### DATA ###

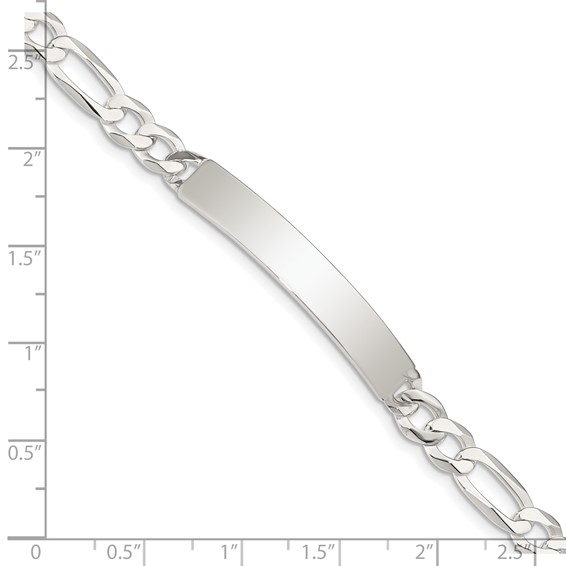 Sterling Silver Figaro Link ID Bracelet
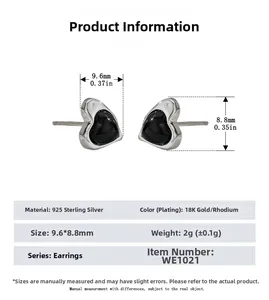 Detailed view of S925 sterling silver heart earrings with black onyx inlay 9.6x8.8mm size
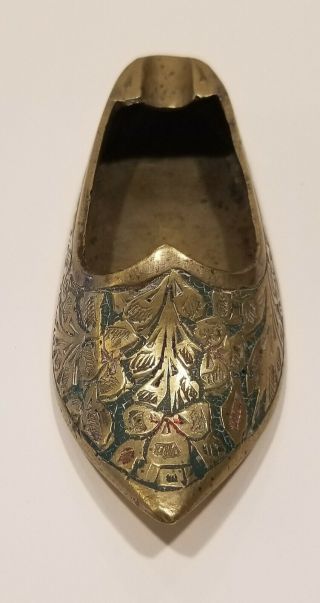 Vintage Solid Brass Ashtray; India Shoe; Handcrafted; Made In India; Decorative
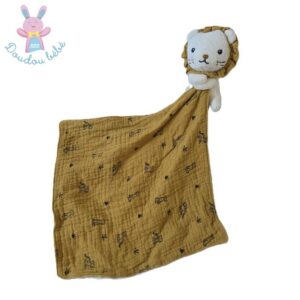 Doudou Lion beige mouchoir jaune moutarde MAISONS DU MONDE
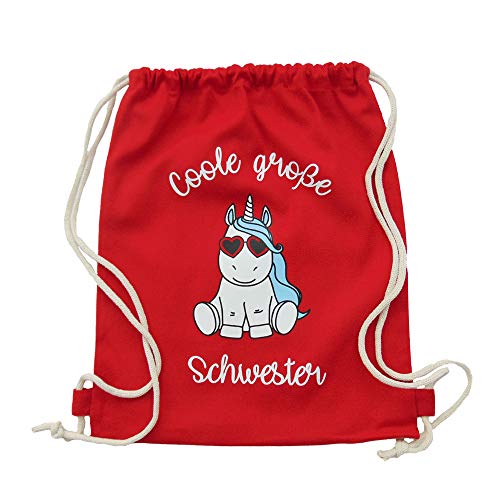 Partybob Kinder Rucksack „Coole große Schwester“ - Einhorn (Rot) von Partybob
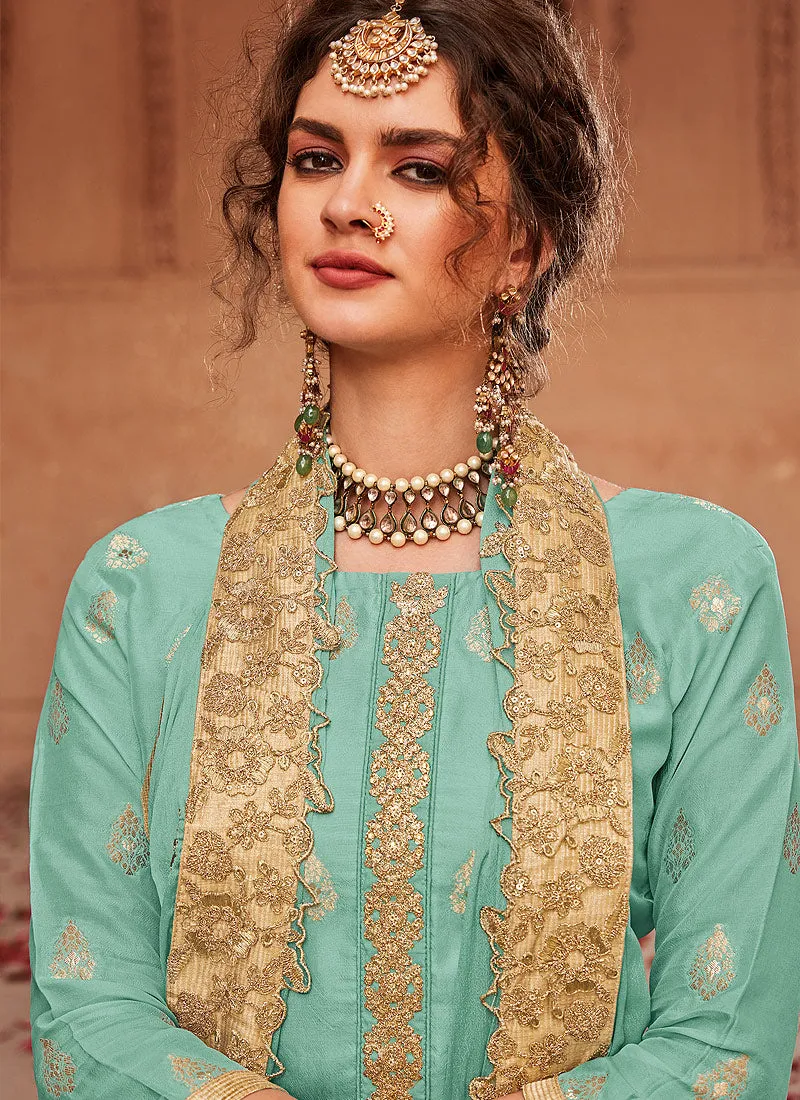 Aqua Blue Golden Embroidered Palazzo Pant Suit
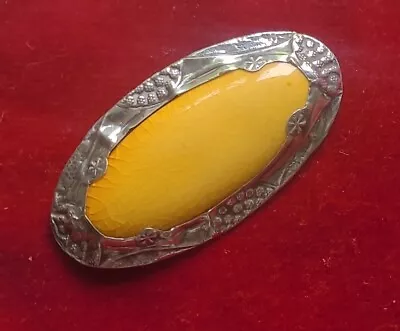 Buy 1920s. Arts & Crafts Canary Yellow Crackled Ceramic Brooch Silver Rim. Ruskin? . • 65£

###
### DATA ###

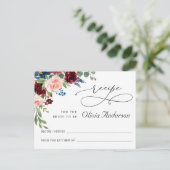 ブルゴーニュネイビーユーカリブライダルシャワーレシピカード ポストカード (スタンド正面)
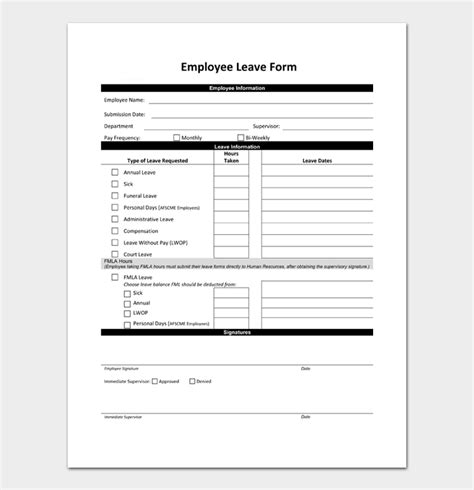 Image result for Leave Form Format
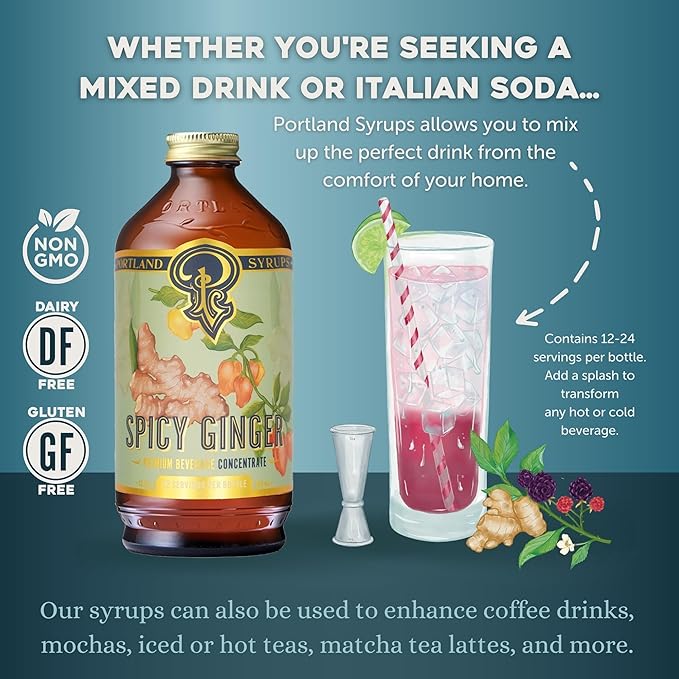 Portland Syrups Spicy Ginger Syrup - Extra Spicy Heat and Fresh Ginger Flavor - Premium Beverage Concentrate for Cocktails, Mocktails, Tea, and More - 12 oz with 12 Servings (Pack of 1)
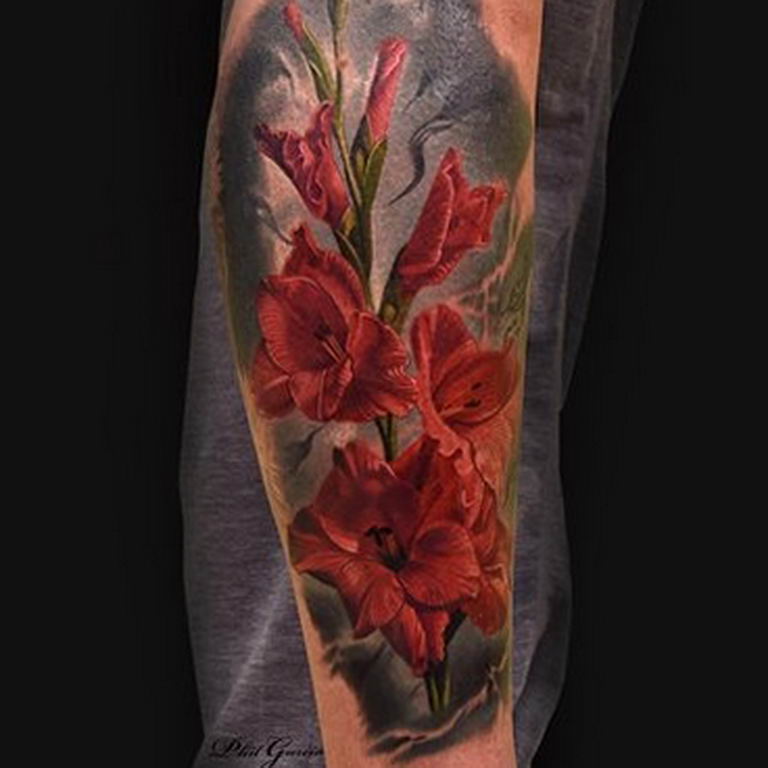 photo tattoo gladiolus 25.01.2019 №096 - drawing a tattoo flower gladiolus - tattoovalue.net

###

DESCRIPTION OF THE TASK:
The answer is the lines of the material above, from the one containing "Image result for Leave Form Format" down to the one containing "Portland Syrups Spicy", given exactly and without images.

TASK ANSWER:
 Image result for Leave Form Format
 Portland Syrups Spicy Ginger Syrup - Extra Spicy Heat and Fresh Ginger Flavor - Premium Beverage Concentrate for Cocktails, Mocktails, Tea, and More - 12 oz with 12 Servings (Pack of 1)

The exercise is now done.